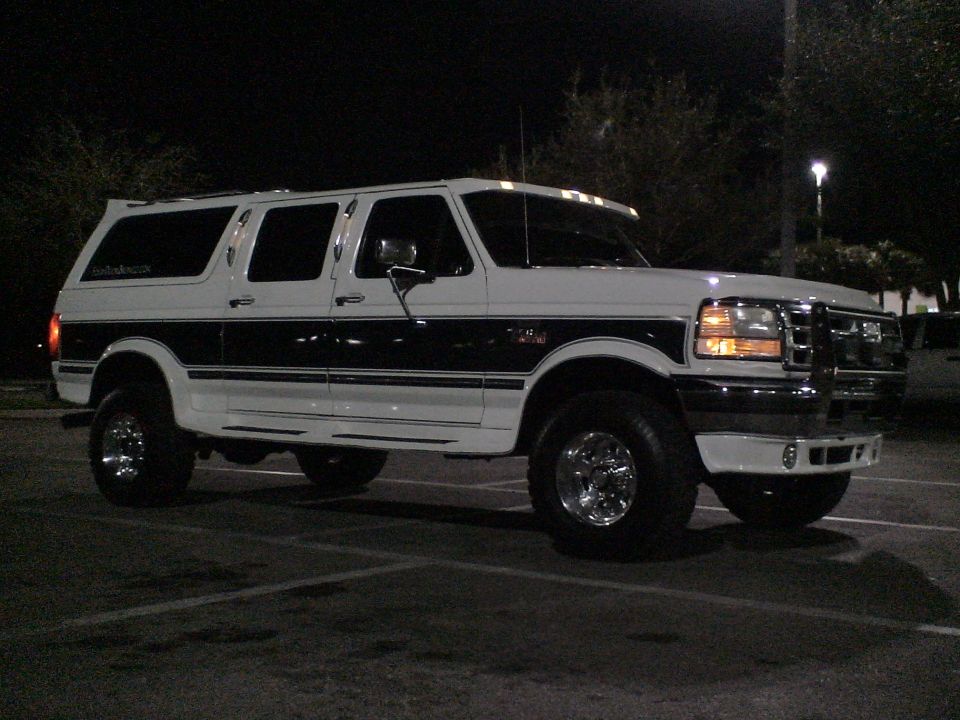 White Ford Bronco Centurion SUV with dark stripe, lifted on chrome wheels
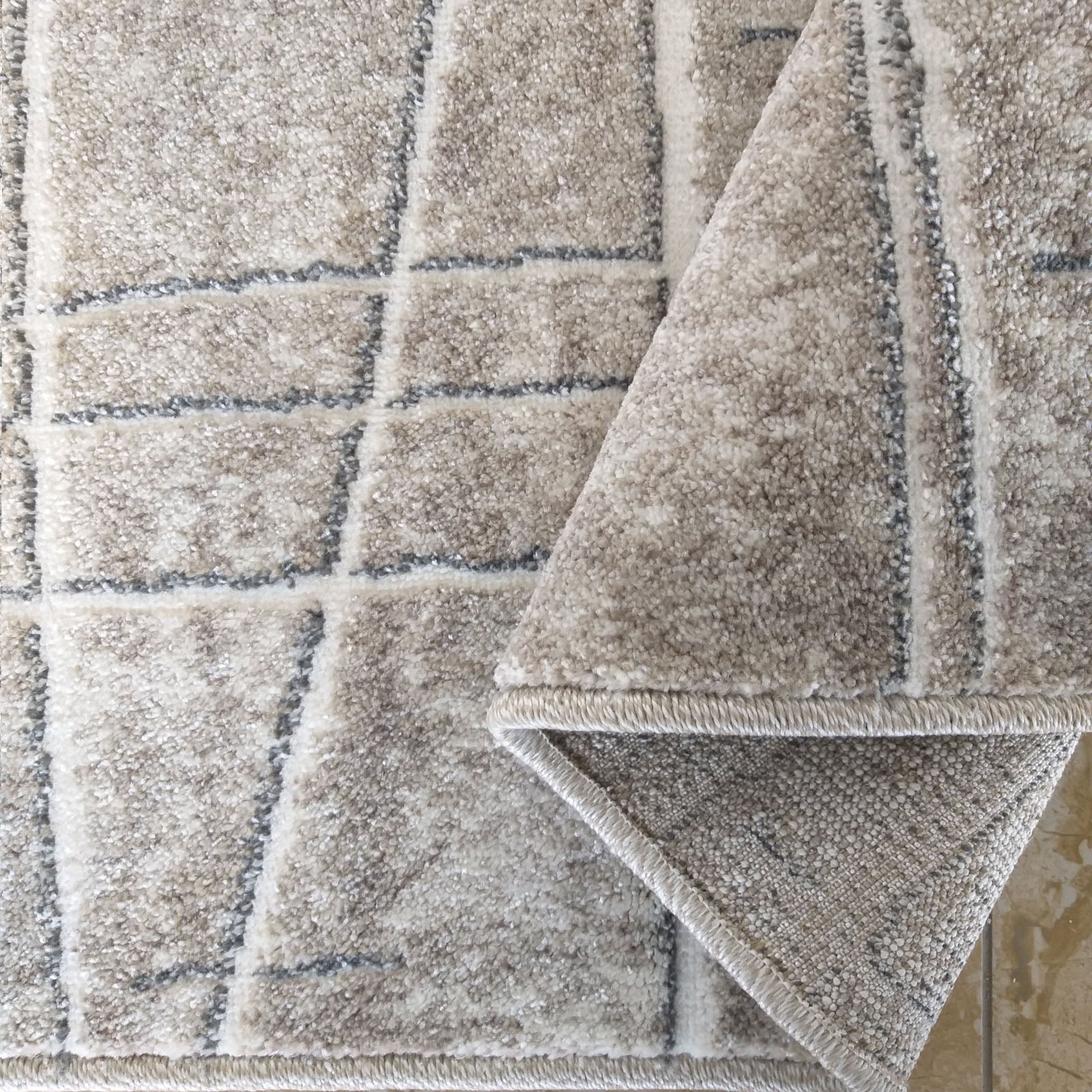 Tapis moelleux beige et crème avec un motif de carrés et lignes grises, un coin est retourné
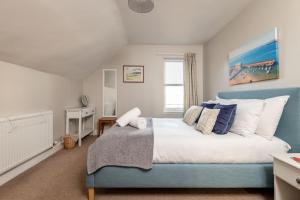 a bedroom with a blue and white bed and a window at Craiglea - Elie & Earlsferry in Earlsferry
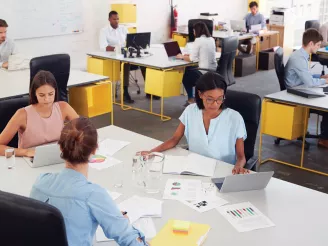 Small workgroup meeting with printed documents on the desk and office workers at desks in the background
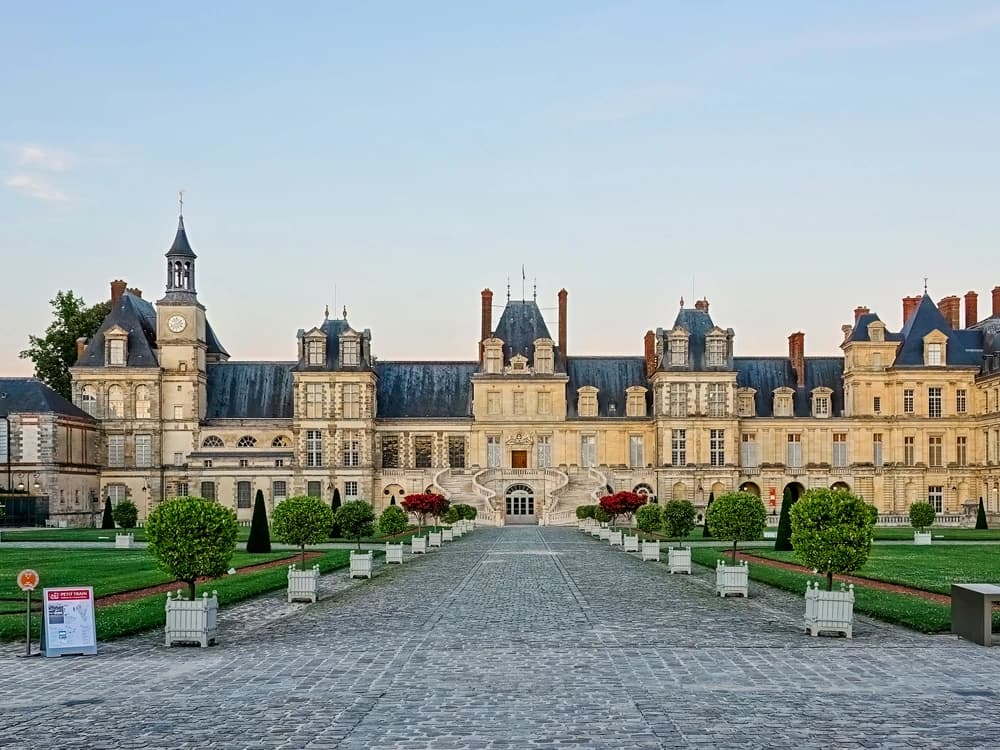 Château de Fontainebleau's classical facade reflected in the ornamental carp pond, with the formal parterre stretching towards the Fontainebleau forest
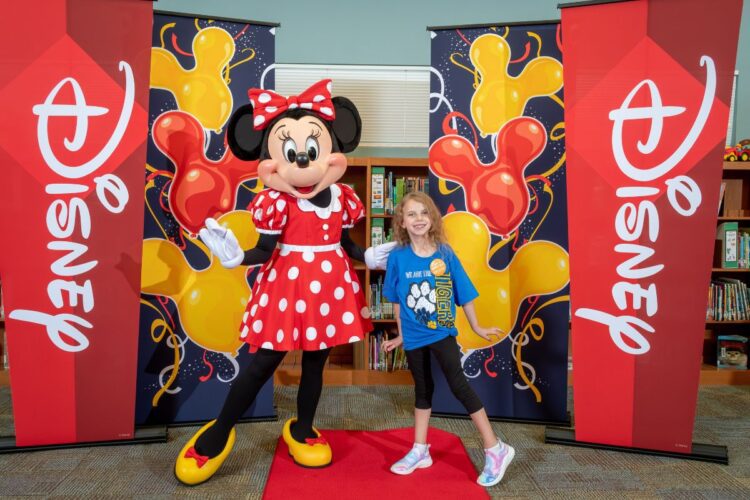 Scarlett poses with Minnie Mouse at her school.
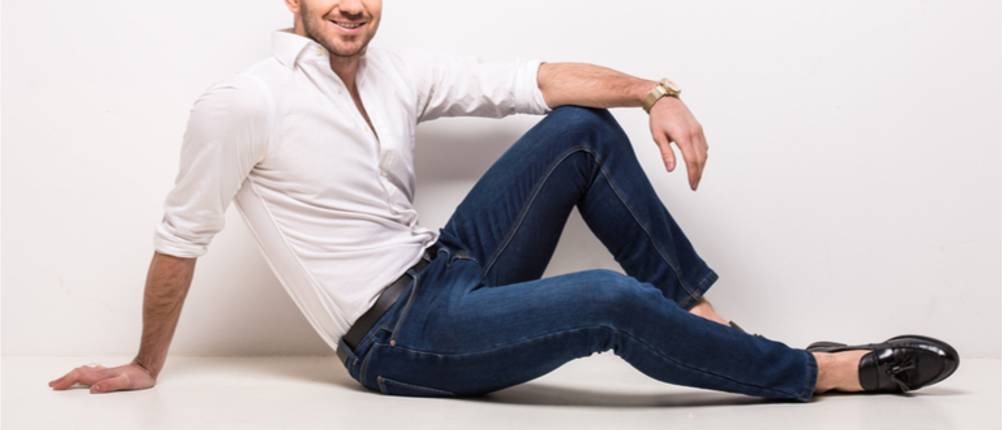 Stretch-Jeans-Herren-Test: Mann in weißem Hemd und blauer Stretch-Jeans sitzt auf dem Boden.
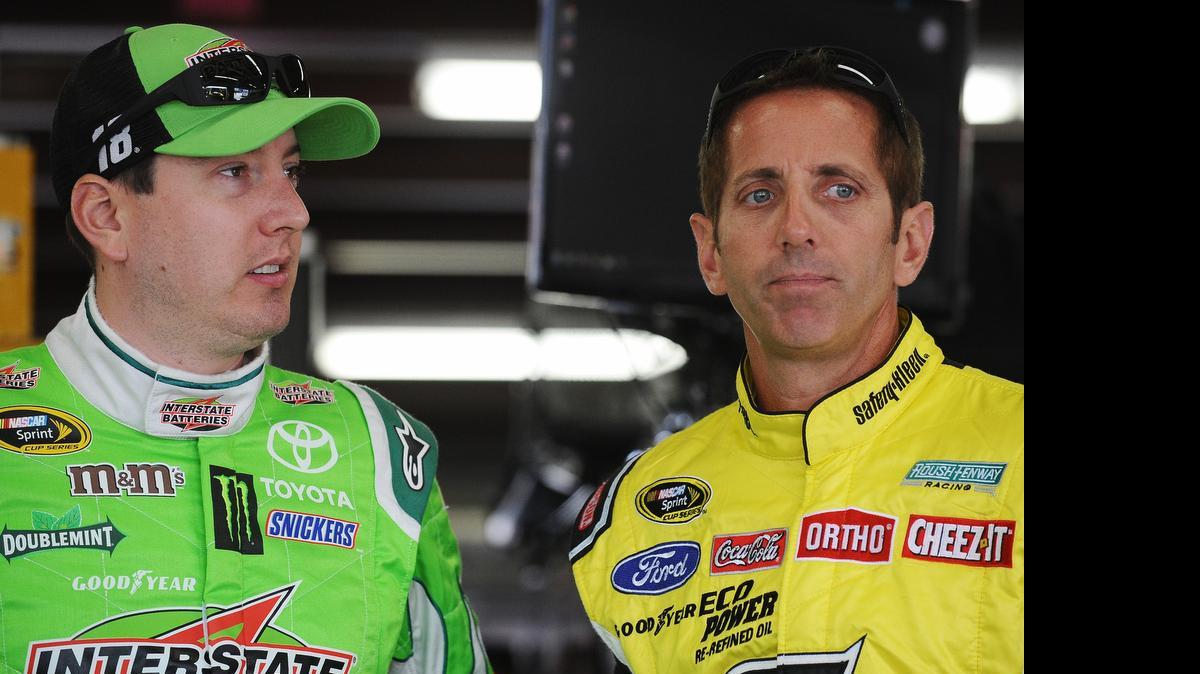 They might be competitors on the track, but Kyle Busch, left, and Greg Biffle stand side by side in their support of NASCAR’s new aerodynamic rules packages.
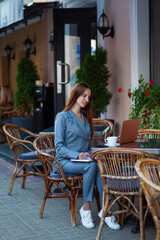 Beautiful confident woman. Woman on the street at the table . Business consultant, to note down, to make notes. Business meeting. Woman with notebook. Business look.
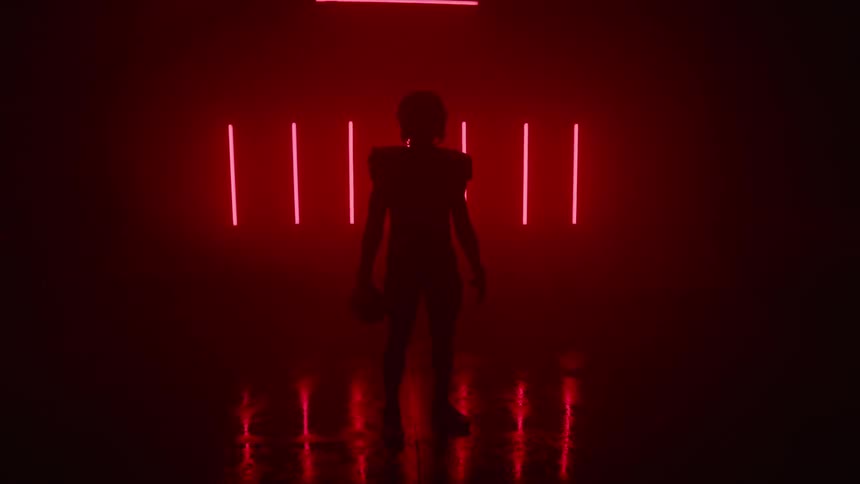 A person is standing in a room in the dark with a red light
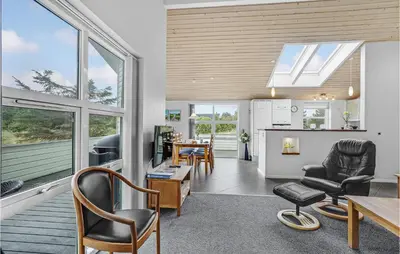 a kitchen and living room with a table and chairs at Holiday Home Kristinesvej Thisted Vi in Thisted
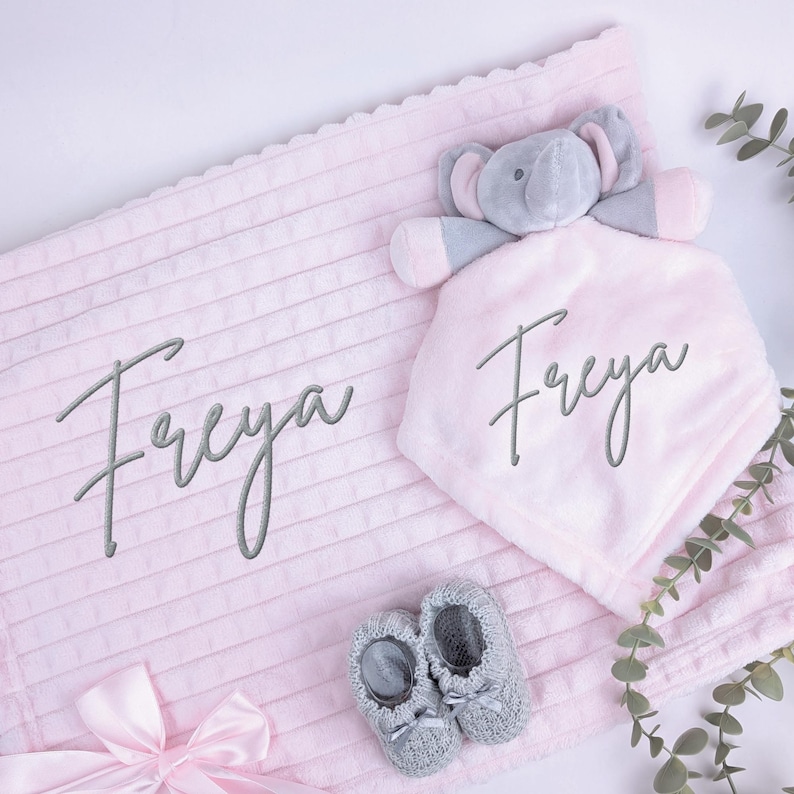 Puede incluir: Un juego de regalo para beb&eacute; con una manta rosa y un arrullo de elefante a juego, ambos con el nombre "Freya" bordado. El juego incluye patucos grises para beb&eacute; y una cinta rosa.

------

§ **PROBLEM**: Without including any pictures, output all the entries above exactly.

§ **RESPONSE**:
 White Ford Bronco Centurion SUV with dark stripe, lifted on chrome wheels
 Tapis moelleux beige et crème avec un motif de carrés et lignes grises, un coin est retourné
 a bedroom with a blue and white bed and a window at Craiglea - Elie & Earlsferry in Earlsferry
 Small workgroup meeting with printed documents on the desk and office workers at desks in the background
 Château de Fontainebleau's classical facade reflected in the ornamental carp pond, with the formal parterre stretching towards the Fontainebleau forest
 Scarlett poses with Minnie Mouse at her school.
 Stretch-Jeans-Herren-Test: Mann in weißem Hemd und blauer Stretch-Jeans sitzt auf dem Boden.
 They might be competitors on the track, but Kyle Busch, left, and Greg Biffle stand side by side in their support of NASCAR’s new aerodynamic rules packages.
 Beautiful confident woman. Woman on the street at the table . Business consultant, to note down, to make notes. Business meeting. Woman with notebook. Business look.
 A person is standing in a room in the dark with a red light
 a kitchen and living room with a table and chairs at Holiday Home Kristinesvej Thisted Vi in Thisted
 Puede incluir: Un juego de regalo para beb&eacute; con una manta rosa y un arrullo de elefante a juego, ambos con el nombre "Freya" bordado. El juego incluye patucos grises para beb&eacute; y una cinta rosa.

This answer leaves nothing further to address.